Do training through a third-party platform.
In our totally unbiased opinion, this is an excellent option to help save IT teams time and show them the direct results of their program.
CIRA Cybersecurity Awareness Training combines short, formal courses with reinforcement through ongoing, automated phishing simulations. This helps shape user behaviour and build a strong cybersecurity culture.
Step 3 - Prep and launch training
Before you launch, it’s a good idea to consider what training people need and how and when you will communicate with employees about the training program. A little prep will help improve employee participation rates and training effectiveness.
Determine who needs training.
Are you hoping to roll out training to all employees? Or just a few departments? Do you want to do a pilot program with one department first? Are there any other groups like contractors or co-op students that should be trained as well?
CIRA’s platform integrates with Azure AD Connect, Office 365 and G Suite, so you can easily customize training and view results segmented by department.
Plan out your training activities.
Training can be delivered many ways. It can include online courses, presentations, phishing (and/or spear phishing) simulations, remedial courses, and more.
The default initial training activities in CIRA's platform are:
Cybersecurity 101 courses: Four basic courses with quizzes at the end, taking about 30 minutes to complete all four.
Survey: Asking your users questions on their attitudes and behaviours regarding cybersecurity, taking about 5 minutes to complete.
Phishing simulations: A series of random phishing simulations will be sent to all users.
These three initial training activities establish a baseline risk score for each employee, department, and the organization as a whole. This can help you select what types of training your organization needs. Risk scores will go up or down over time based on other training activities you plan throughout the year, such as reporting monthly phishing simulations or taking supplementary courses.
Considering a blind phishing test to baseline your company?
Think again. Blind tests have a way of alienating employees and making them feel like they are not part of the solution. We recommend that you give employees a heads up that the first few phishing campaigns are coming and challenge people to report them.
Create a communications plan.
You need to ensure employees understand why training is important, what it involves, how they can complete it, and when the deadline is. You should work with other teams in your organization, like comms, HR, and senior management, to plan out a communications timeline covering these key messages.
To save you time, we’ve put together a sample communications plan that will bring you from the initial announcement of training to a reminder of the deadline to complete it. We’ve written out sample email invitations, key messages to include in your launch presentation and more.

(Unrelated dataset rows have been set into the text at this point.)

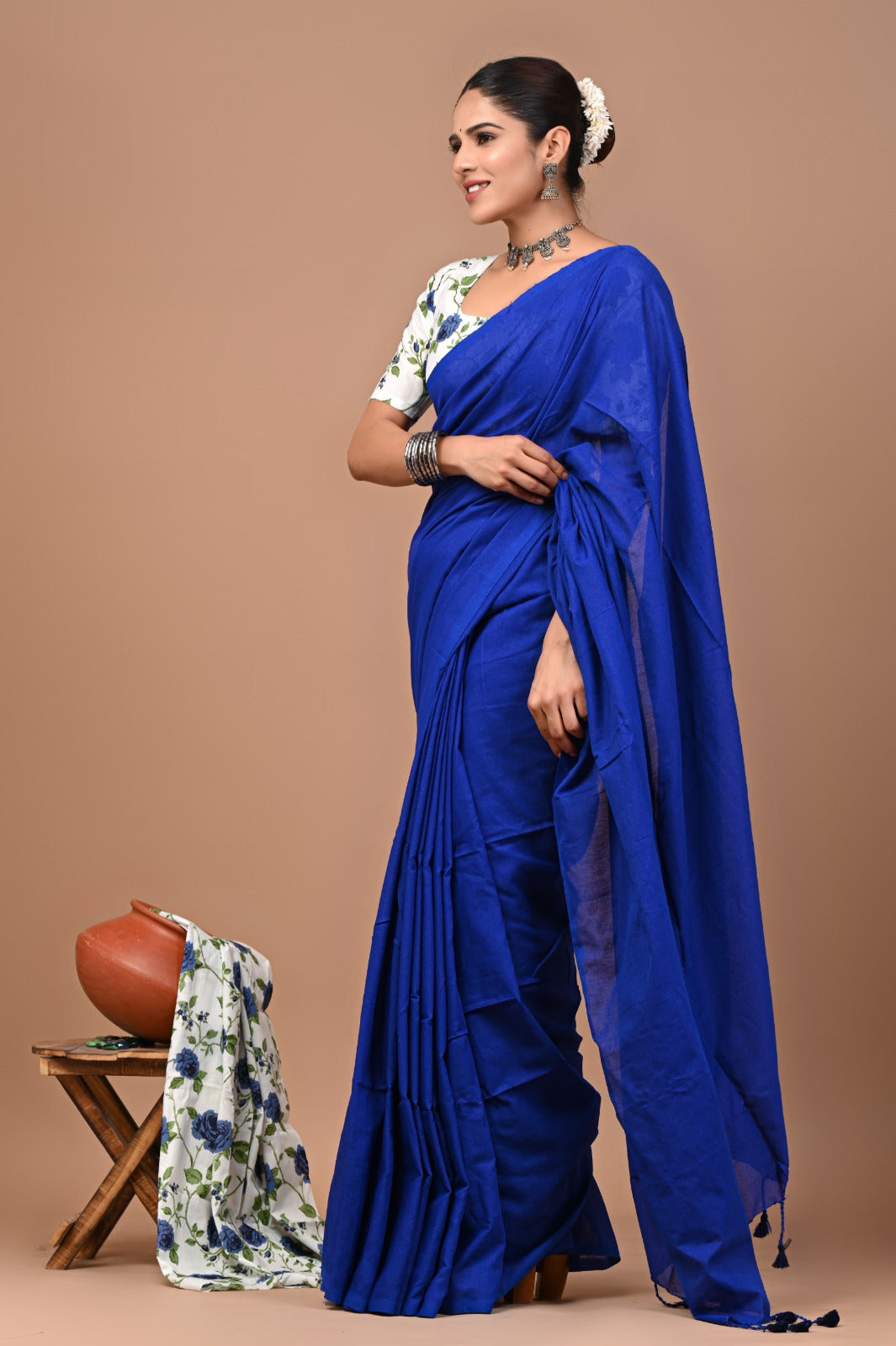 Handloom Cotton Saree With Printed Blouse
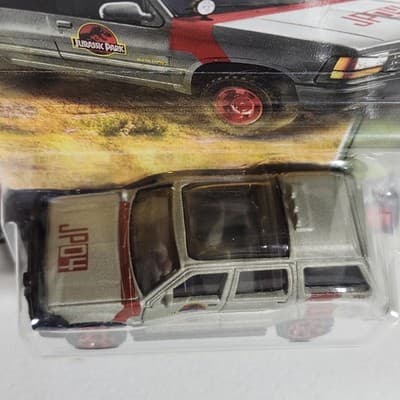 Matchbox Jurassic World Ford Explorer Car 1/64 Toy Vehicle NEW - Thumbnail 3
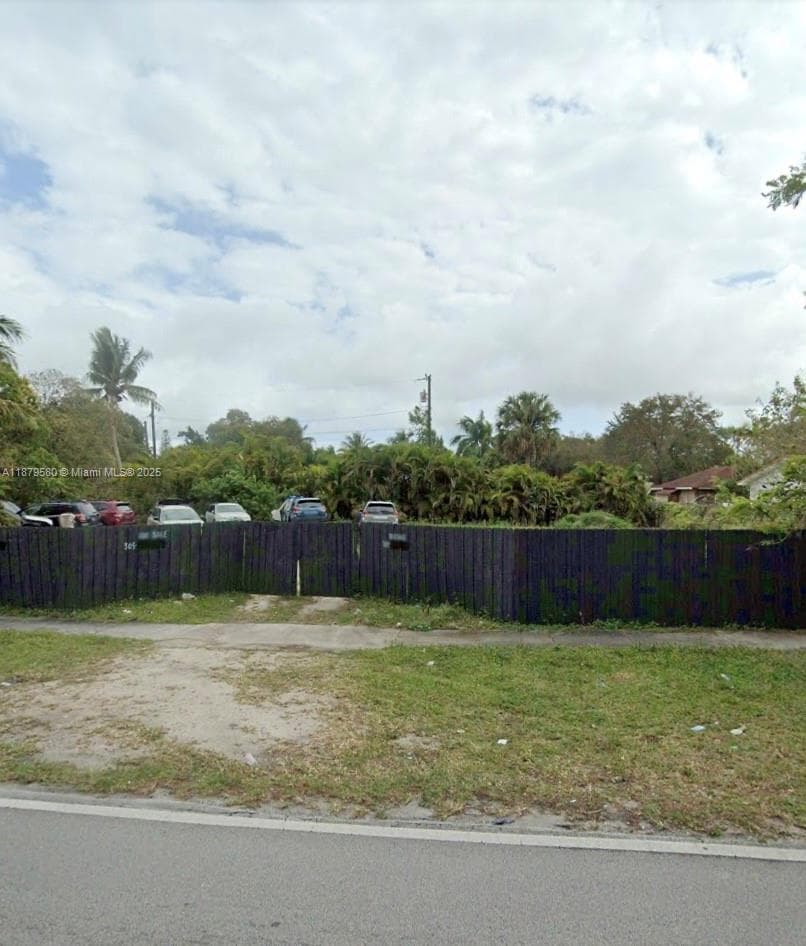 15505 N Miami Ave, Miami FL 33169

Get employees to complete training.
While we all wish people were as excited to be cyber secure as you are, in reality, most people don't get too excited to have their bad habits pointed out in training.
Employees complete courses at a much higher rate if they're motivated and engaged. CIRA's platform gamifies training with risk scores, engagement scores and rewards. Beyond the built-in gamification elements, here are some tips to encourage employees to complete training.
Communicate how much time you estimate it will take to complete training. If employees know it will take less than 30 minutes, they are more likely to do it.
Start a friendly race to complete training. Every few days, share course completion progress by department.
Consider offering an incentive like a gift card to the first department to complete training.
Get employees who have completed training to share something they learned, or what their experience with the phishing simulations was like.
Share who has the top three risk scores in the organization and explain how they achieved a good risk score.
Share real articles of incidents and explain how they could have been prevented.
Audit for completion -- this is expected for many types of certifications. Use the audit to gently remind employees that are offside in a one-one conversation.
Add cybersecurity awareness training
to your employee onboarding program.
While you’re introducing training to all staff for launch, don’t forget to roll out the same program when new employees join your organization. Add it to the list of onboarding activities like WHMIS, AODA or whatever training matters to your organization!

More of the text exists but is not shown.